TORONTO, Canada - Heads of state and government on Sunday began discussing and offering insights on measures that could help the global economic recovery.
While opening the first plenary session of the summit, Canadian Prime Minister Stephen Harper called upon the leaders to act with the same unity, same sense of urgency and same commitment as they did in the depth of the global financial and economic crises.
"Now as before we must work and act together," said Harper, adding that the recovery is still fragile.
He also listed fiscal deficits and debt levels in advanced countries, the premature end to stimulus, regulatory reforms of the financial sector, and the siren sound of protectionism as some of the major issues for the leaders to discuss during the summit.
Leaders of the world's biggest economies, including Chinese President Hu Jintao, U.S. President Barack Obama and Russian President Dmitry Medvedev, as well as heads of a number of international organizations and leaders of a few non-G20 countries, were present at the full session, which is expected to discuss and adopt a final document for the summit.
The Chinese president agreed with the prime minister of the summit host nation. He said the G20 needs to be turned from an effective mechanism to counter the international financial crisis to a premier platform for advancing international economic cooperation.
"We need to accelerate the establishment of a new international financial order that is fair, equitable, inclusive and well-managed," added the Chinese leader.
Chinese President Hu said an open and free global trading regime is also needed to turn the tides of the crisis.
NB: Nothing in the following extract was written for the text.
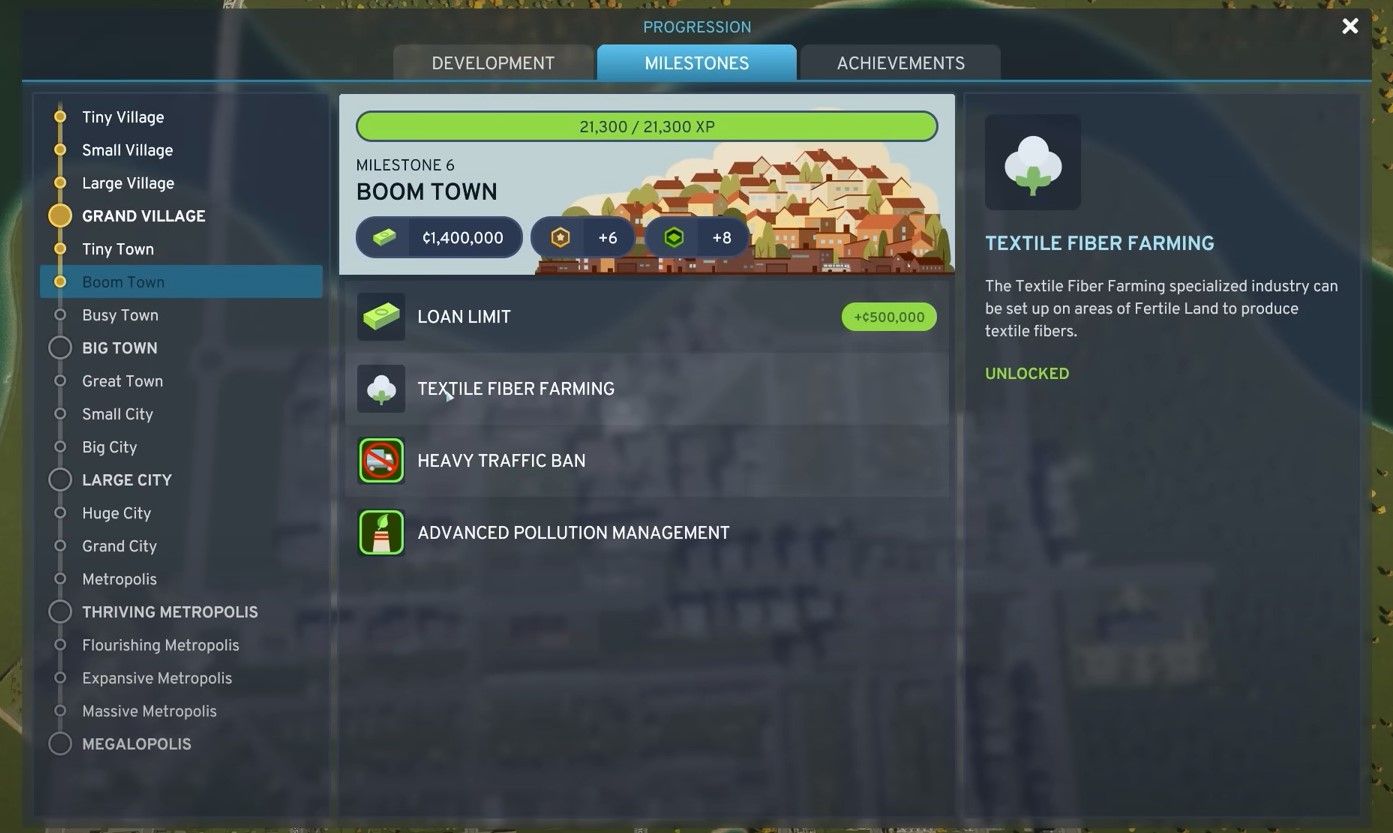 Textile fiber unlocked in Cities: Skylines 2.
The G20 Summit in Toronto is expected to build on the previous three summits held in Washington, London and Pittsburgh since the outbreak of the global financial and economic crises in 2008.
It was the first G20 Summit in its new capacity as a premier forum for international economic cooperation and policy coordination, as determined at the previous summit in Pittsburgh last September.
Major topics being discussed at the Toronto summit included securing recovery and restoring balance to public finances, reforming the global financial system, strengthening international financial institutions, and liberalizing trade and investment.
This year's G20 Summit took place just hours after the conclusion of the annual Group of Eight (G8) Summit held at Huntsville also in Canada, to make the country the first ever back-to-back host to both events.
The G20 members, namely Argentina, Australia, Brazil, Britain, Canada, China, France, Germany, India, Indonesia, Italy, Japan, Mexico, the Republic of Korea, Russia, Saudi Arabia, South Africa, Turkey, the United States and the European Union, account for 90 percent of global output, 80 percent of world trade and two-thirds of the world's population.
Also during the plenary session, the Chinese president offered his country's example and experience while elaborating the role strong and sustainable growth plays in China's dealing with the ongoing financial and economic crises.
"To ensure strong growth is the top priority in today's world economic development," the Chinese leader said, "to enable sustainable growth is our long-term objective."
But the Chinese president pointed to the fact that balance should be integrated with strong and sustainable growth.
"To achieve balanced growth through the transformation of the economic development pattern is necessitated by the calling of our times," Hu added.